Adiabatic Hydrodynamization: a Novel Framework to Understand the Equilibration Process of non-Abelian Plasmas

  • SPEAKER Bruno Scheihing (MIT)
  • PLACE Hybrid On-site: Kenkyu Honkan Seminar room 321, 322 Online: Zoom
Understanding the thermalization process of non-abelian plasmas is of great interest, particularly in cosmology and in relativistic heavy ion collisions. On the one hand, the dynamics of thermalization might have had important consequences at the end of the inflationary epoch in the early Universe. On the other hand, out-of-equilibrium Quantum Chromodynamics (QCD) can nowadays be studied in a repeated and systematic manner in relativistic heavy ion collisions (HICs). For the most part, HICs have been used to characterize the high-temperature phase of QCD, quark-gluon plasma, which behaves as a near-perfect fluid during the period of the collision when the temperature is above the deconfinement transition temperature.
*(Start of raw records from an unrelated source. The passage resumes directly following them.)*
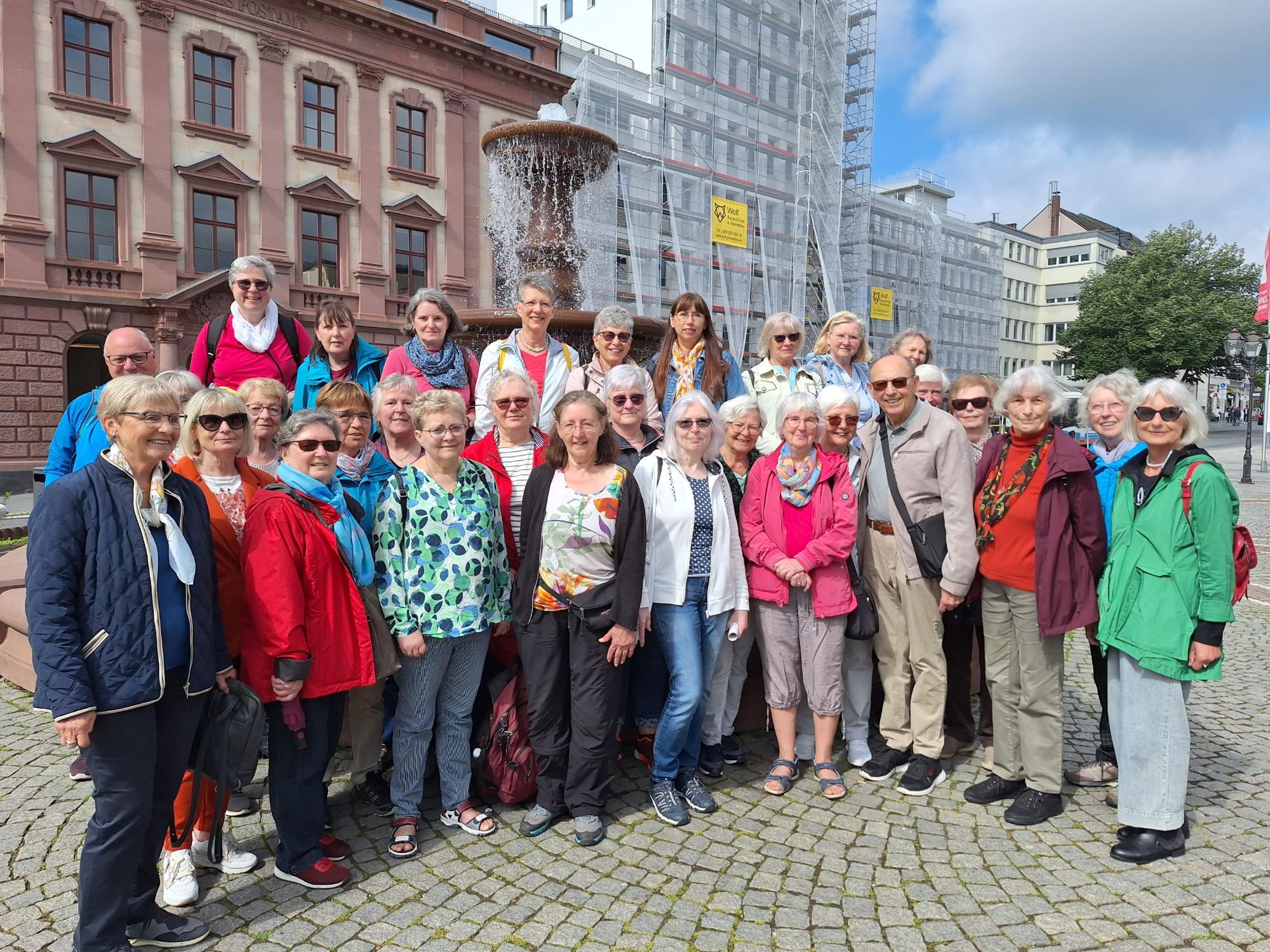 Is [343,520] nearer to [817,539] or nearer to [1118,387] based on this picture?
[817,539]

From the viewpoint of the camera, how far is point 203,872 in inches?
135

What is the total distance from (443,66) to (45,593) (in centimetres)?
2798

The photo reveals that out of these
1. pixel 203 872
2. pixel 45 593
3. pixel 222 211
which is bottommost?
pixel 203 872

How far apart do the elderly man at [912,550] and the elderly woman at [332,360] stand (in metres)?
3.05

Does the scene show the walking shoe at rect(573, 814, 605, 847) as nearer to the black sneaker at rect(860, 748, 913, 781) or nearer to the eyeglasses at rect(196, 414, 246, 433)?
the black sneaker at rect(860, 748, 913, 781)

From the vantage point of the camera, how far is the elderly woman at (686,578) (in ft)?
12.9

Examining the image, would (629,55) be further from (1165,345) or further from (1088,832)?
(1088,832)

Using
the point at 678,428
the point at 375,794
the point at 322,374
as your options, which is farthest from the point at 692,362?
the point at 375,794

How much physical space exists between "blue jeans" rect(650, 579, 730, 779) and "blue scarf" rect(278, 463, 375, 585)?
1.39 meters

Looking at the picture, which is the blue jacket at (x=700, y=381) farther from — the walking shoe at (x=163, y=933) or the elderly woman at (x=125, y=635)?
the walking shoe at (x=163, y=933)

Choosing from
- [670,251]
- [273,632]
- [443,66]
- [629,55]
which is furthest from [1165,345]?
[273,632]

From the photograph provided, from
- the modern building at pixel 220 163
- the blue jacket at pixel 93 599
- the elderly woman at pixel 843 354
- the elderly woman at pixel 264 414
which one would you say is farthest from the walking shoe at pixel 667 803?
the modern building at pixel 220 163

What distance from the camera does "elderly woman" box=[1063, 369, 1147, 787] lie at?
4398 millimetres

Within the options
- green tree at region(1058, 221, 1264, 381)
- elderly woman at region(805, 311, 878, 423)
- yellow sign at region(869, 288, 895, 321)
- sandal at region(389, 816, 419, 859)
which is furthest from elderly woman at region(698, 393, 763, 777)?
green tree at region(1058, 221, 1264, 381) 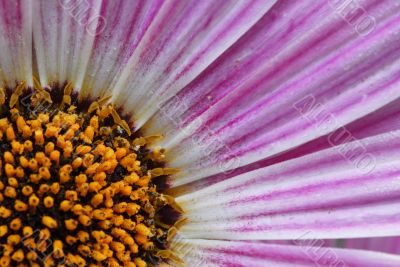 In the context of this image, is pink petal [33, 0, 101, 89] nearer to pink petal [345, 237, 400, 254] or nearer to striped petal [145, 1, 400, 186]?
striped petal [145, 1, 400, 186]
Nonetheless, our understanding of the process by which local thermal equilibrium is attained (“hydrodynamization”) in heavy ion collisions affects our interpretation of many observables in such collisions. Therefore, it is crucial to have qualitative and quantitative control over the thermalization/hydrodynamization process of QCD. In this talk, we will discuss a recent development in our understanding of the dynamics of hydrodynamization of Yang-Mills plasmas. Specifically, we focus on the weakly coupled description of a pure glue plasma in the framework of kinetic theory. Due to the nonlinear nature of the kinetic equation, finding intuitive and systematic organizing principles to study the dynamics of the distribution function starting from arbitrary initial conditions has proved to be challenging. Adiabatic Hydrodynamization is a novel framework that aims to provide such an organizing principle by identifying the long-lived solutions of the theory as the low-energy eigenstates of the time evolution operator of the theory (the “Hamiltonian”), provided that the (time-dependent) basis on which the Hamiltonian is formulated be such that the evolution is adiabatic. We work this out explicitly in a simplified version of QCD kinetic theory in a geometry motivated by HIC experiments. We conclude by laying out the prospects for studying more general kinetic theories in this framework.